The project also contains a “pom.xml” file. This is the main file of all the Maven projects. This file will contain all the external dependencies information about our project. As we have created a Spark project this file contains the “spark-core” and “spark-SQL” libraries. Maven will automatically download these references from Maven global repository and save it to a local folder. In future projects, it will refer to local reference only.
For our first project, it takes some more time to install all the dependencies in our local system. After some time, our new project will be ready. Now we can create a new Scala Object under the “sample” package.

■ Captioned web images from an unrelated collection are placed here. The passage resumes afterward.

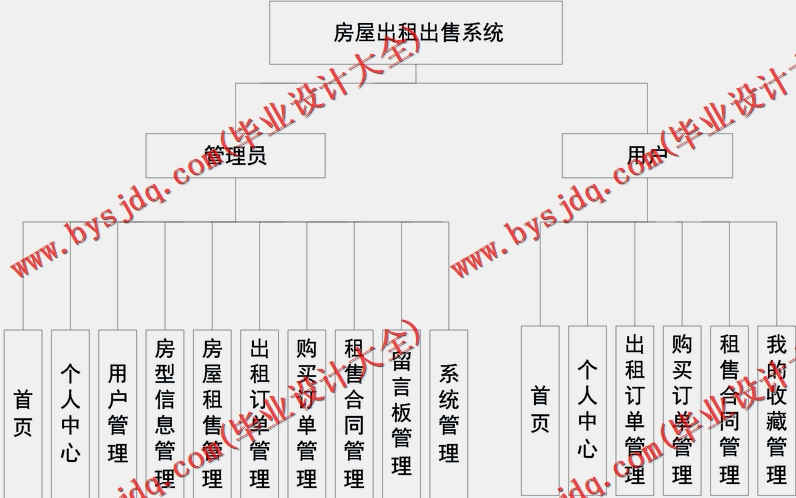 基于Vue的房屋出租管理系统的设计与实现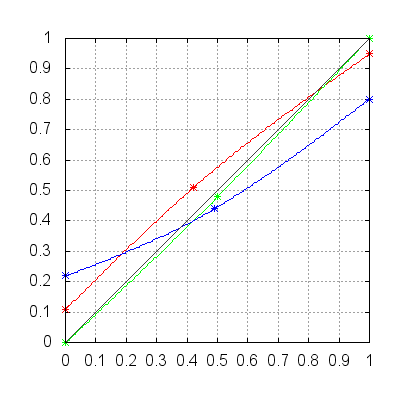 ffmpeg node js example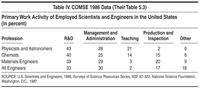 Table IV.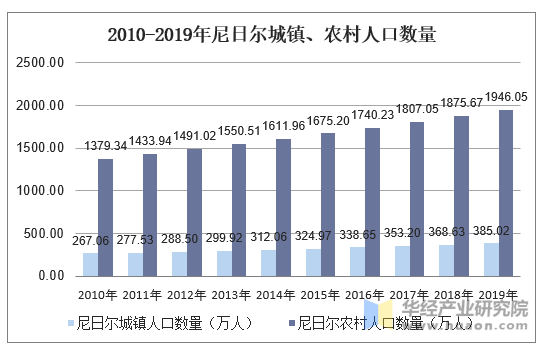 2010-2019年尼日尔城镇、农村人口数量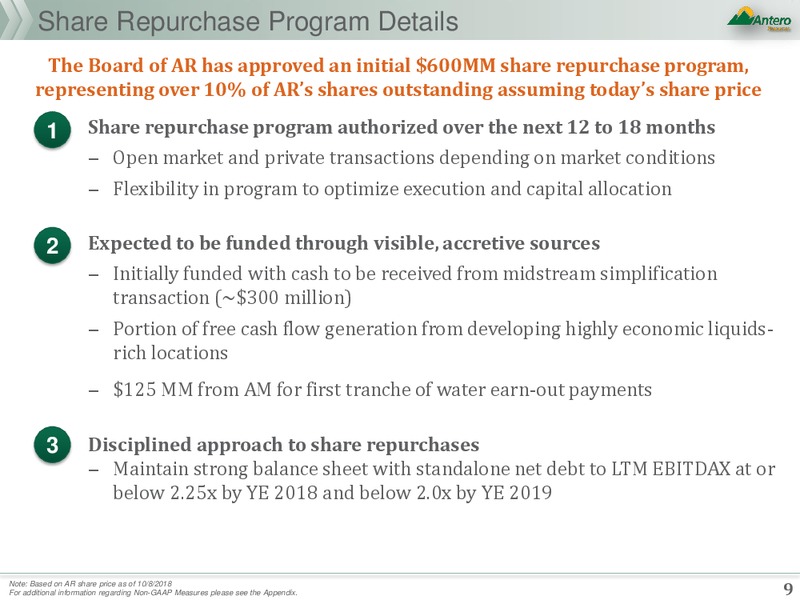 Strategic Annoucement – Antero Resources – slide 7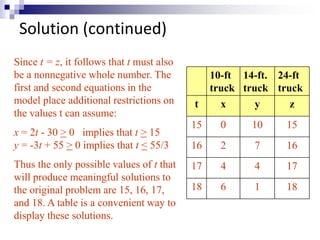 Solution (continued) 
10-ft 
truck 
14-ft. 
truck 
24-ft 
truck 
t x y z 
15 0 10 15 
16 2 7 16 
17 4 4 17 
18 6 1 18 
Since t = z, it follows that t must also 
be a nonnegative whole number. The 
first and second equations in the 
model place additional restrictions on 
the values t can assume: 
x = 2t - 30 > 0 implies that t > 15 
y = -3t + 55 > 0 implies that t < 55/3 
Thus the only possible values of t that 
will produce meaningful solutions to 
the original problem are 15, 16, 17, 
and 18. A table is a convenient way to 
display these solutions. 
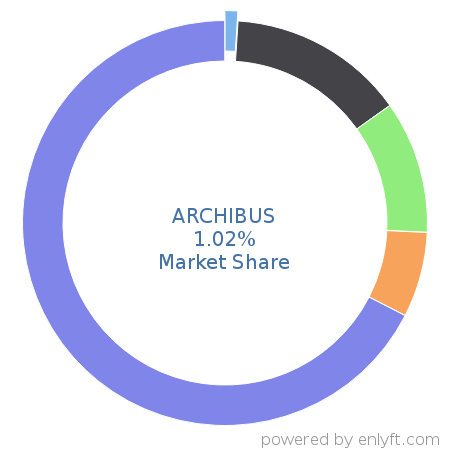 ARCHIBUS market share in Real Estate & Property Management is about 1.02%
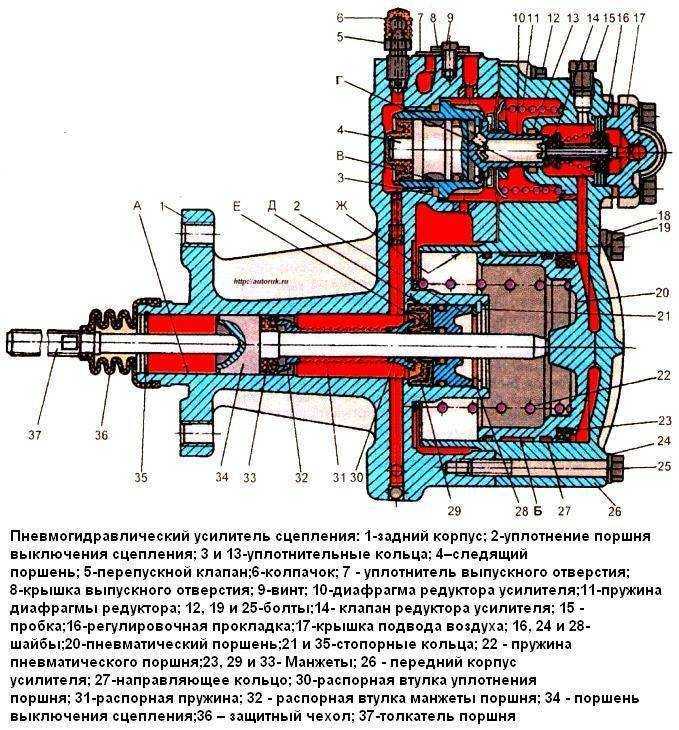 Как выбрать реле давления для компрессоров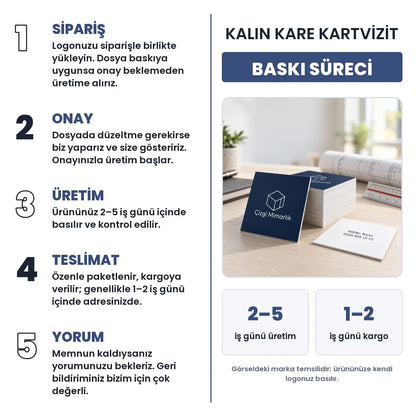 Kalın düz köşe kare kartvizit baskı süreci: sipariş, onay, üretim 2–5 iş günü, teslimat 1–2 iş günü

Java is a package-based application. Scala also follows the same tradition.
Please give a valid name to our new Scala object. Please choose “Kind” as “Object”
I have downloaded the Pincode data from the Indian government official
website for evaluation purposes and saved it to our default data folder. You must save data using this folder structure.
We can add the below source code to our “indianpincode” object file.
indianpincode.scala
- package sample
- import org.apache.spark.sql.SparkSession
- object indianpincode {
- def main(arg: Array[String]): Unit = {
- val sparkSession: SparkSession = SparkSession.builder.master("local").appName("Scala Spark Example").getOrCreate()
- val csvPO = sparkSession.read.option("inferSchema", true).option("header", true).
- csv("all_india_PO.csv")
- csvPO.createOrReplaceTempView("tabPO")
- val count = sparkSession.sql("select * from tabPO").count()
- print(count)
- }
- }
In this code, we have imported “org.apache.spark.sql.SparkSession” library. SparkSession will help us to create a spark session in the runtime and we can execute all Spark-related queries in our project easily.